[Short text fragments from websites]
*** Begin section ***

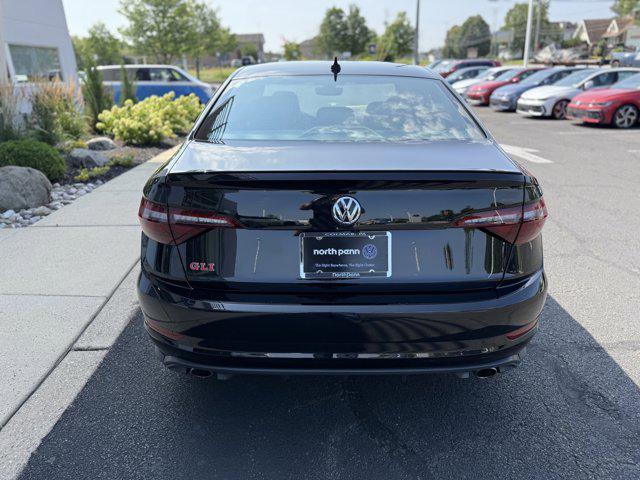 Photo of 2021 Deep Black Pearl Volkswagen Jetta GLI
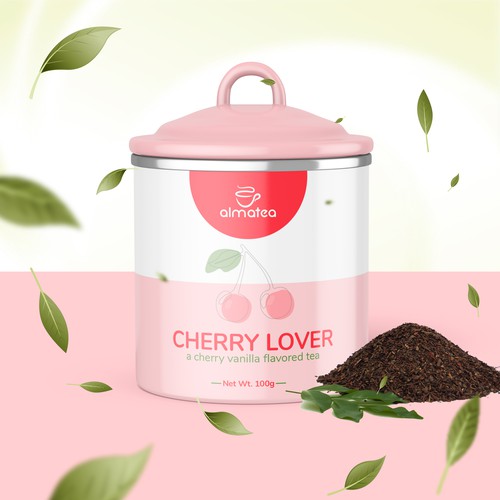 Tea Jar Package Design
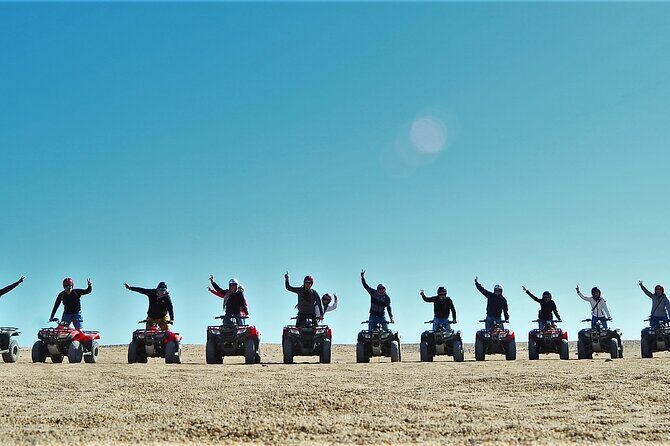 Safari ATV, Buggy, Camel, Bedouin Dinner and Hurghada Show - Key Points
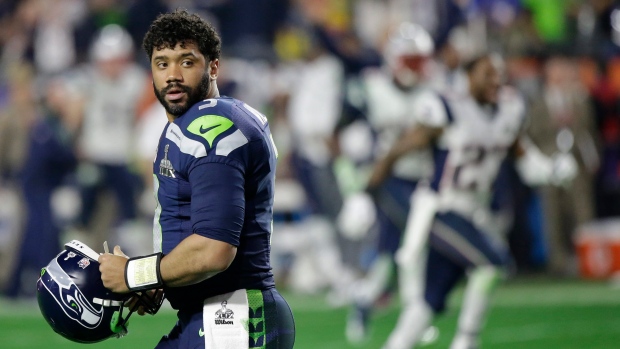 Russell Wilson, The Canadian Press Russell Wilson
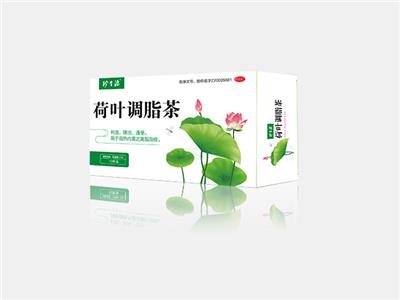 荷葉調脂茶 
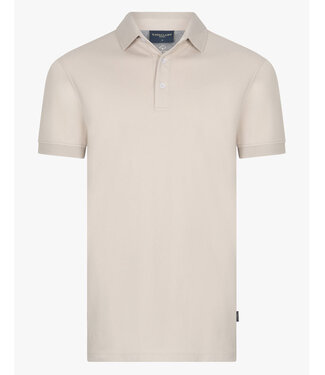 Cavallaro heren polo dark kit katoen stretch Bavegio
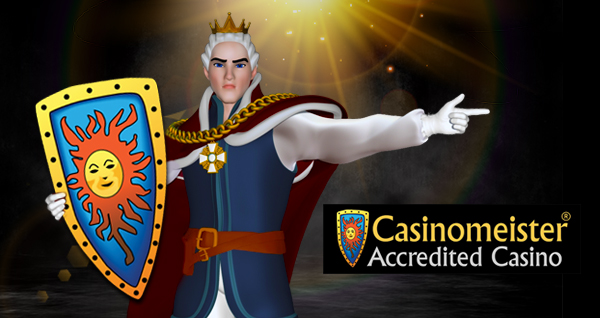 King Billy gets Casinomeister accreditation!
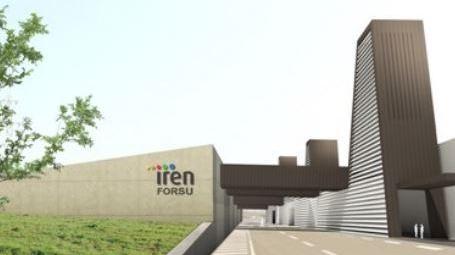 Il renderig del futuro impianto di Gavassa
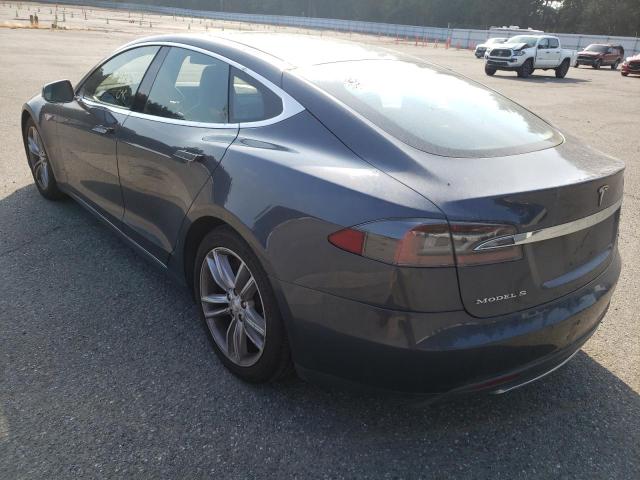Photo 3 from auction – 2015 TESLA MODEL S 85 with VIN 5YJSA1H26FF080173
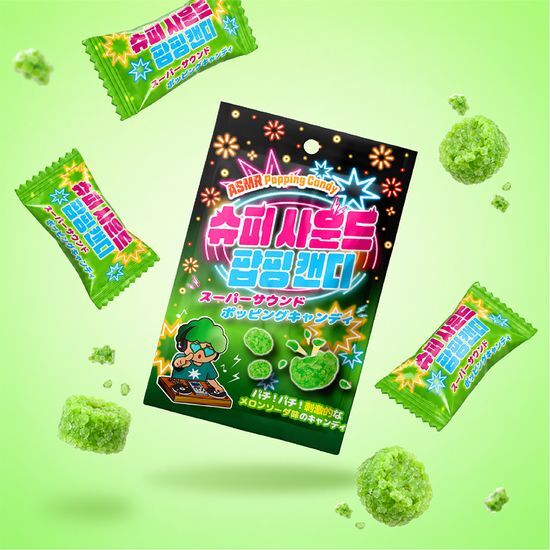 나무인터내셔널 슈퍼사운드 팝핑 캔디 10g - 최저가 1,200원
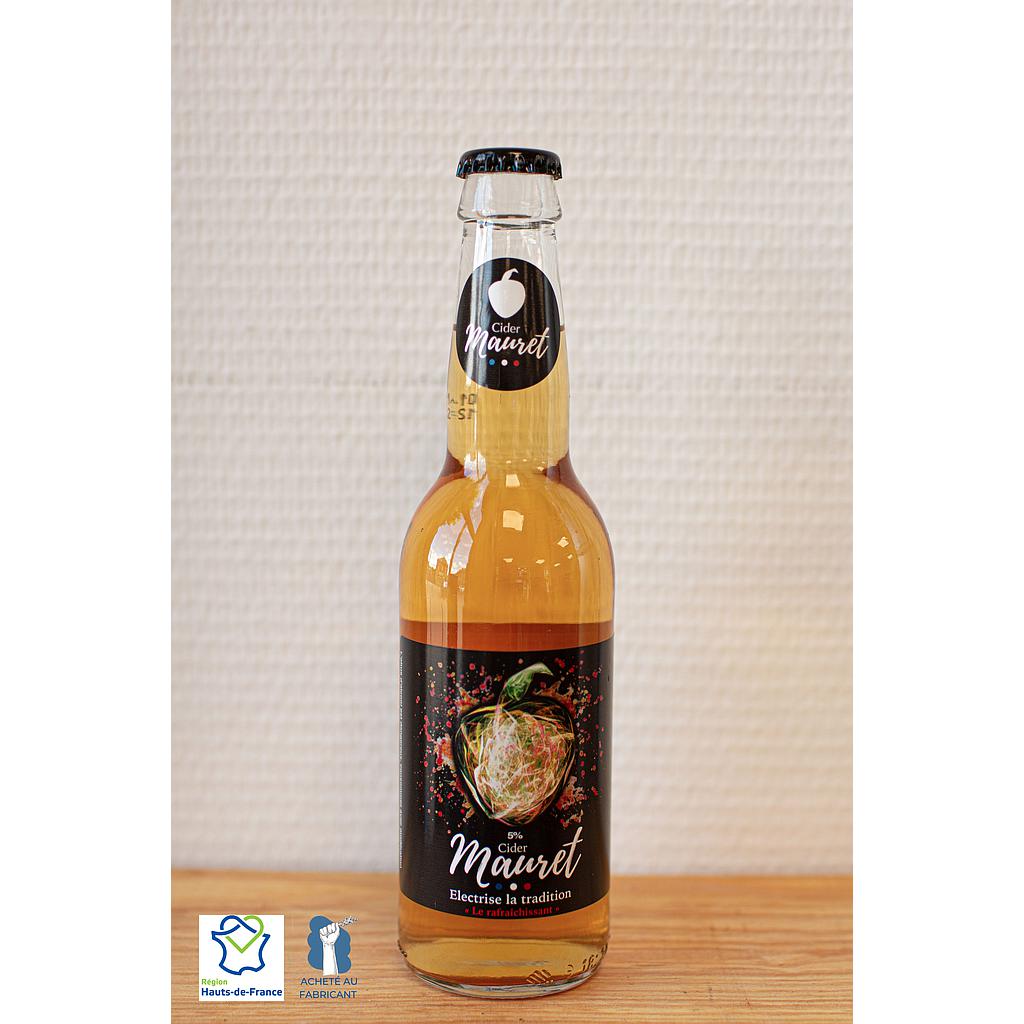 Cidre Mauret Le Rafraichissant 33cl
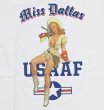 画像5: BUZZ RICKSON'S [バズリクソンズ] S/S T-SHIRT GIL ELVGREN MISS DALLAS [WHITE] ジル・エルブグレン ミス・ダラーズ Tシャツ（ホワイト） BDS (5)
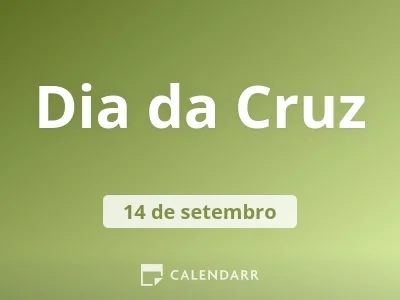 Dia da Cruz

*** End section ***

DIRECTIONS: Exact copies of all the entries, without any pictures, are what the answer must contain.

ANSWER SPACE:
 Photo of 2021 Deep Black Pearl Volkswagen Jetta GLI
 Tea Jar Package Design
 Safari ATV, Buggy, Camel, Bedouin Dinner and Hurghada Show - Key Points
 Russell Wilson, The Canadian Press Russell Wilson
 荷葉調脂茶 
 Cavallaro heren polo dark kit katoen stretch Bavegio
 King Billy gets Casinomeister accreditation!
 Il renderig del futuro impianto di Gavassa
Photo 3 from auction – 2015 TESLA MODEL S 85 with VIN 5YJSA1H26FF080173
 나무인터내셔널 슈퍼사운드 팝핑 캔디 10g - 최저가 1,200원
 Cidre Mauret Le Rafraichissant 33cl
 画像5: BUZZ RICKSON'S [バズリクソンズ] S/S T-SHIRT GIL ELVGREN MISS DALLAS [WHITE] ジル・エルブグレン ミス・ダラーズ Tシャツ（ホワイト） BDS (5)
 Dia da Cruz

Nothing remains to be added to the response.